=== INPUT DATA ===

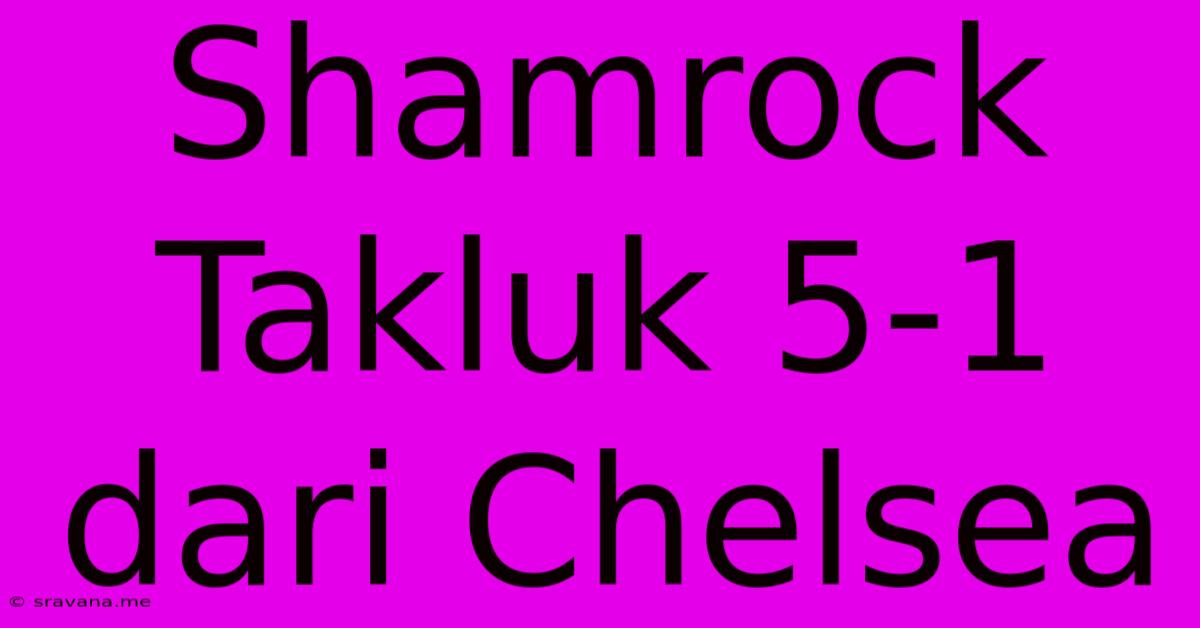 Shamrock Takluk 5-1 Dari Chelsea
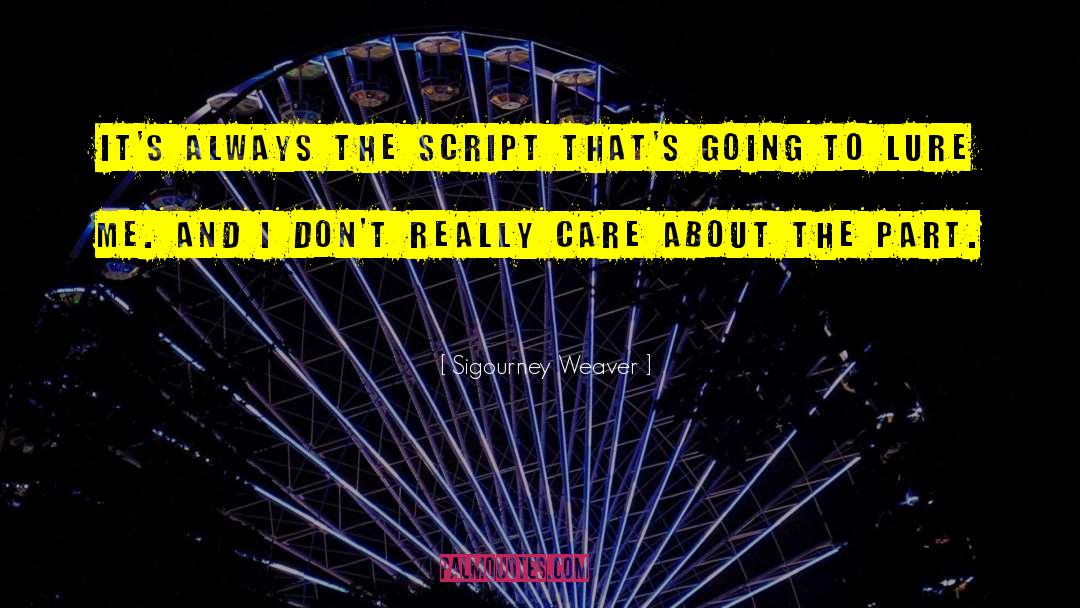 Sigourney Weaver Quotes: It's always the script that's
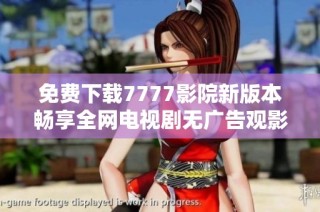 免费下载7777影院新版本畅享全网电视剧无广告观影体验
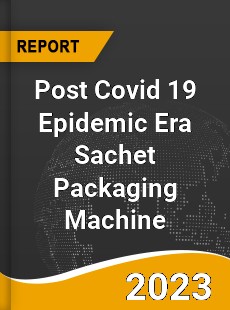 Post Covid 19 Epidemic Era Sachet Packaging Machine Industry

===

ASSIGNMENT:
The answer must be the full listing, restated word for word, with no pictures in it.

OUTPUT FOR THIS EXERCISE:
 Shamrock Takluk 5-1 Dari Chelsea
 Sigourney Weaver Quotes: It's always the script that's
 免费下载7777影院新版本畅享全网电视剧无广告观影体验
 Post Covid 19 Epidemic Era Sachet Packaging Machine Industry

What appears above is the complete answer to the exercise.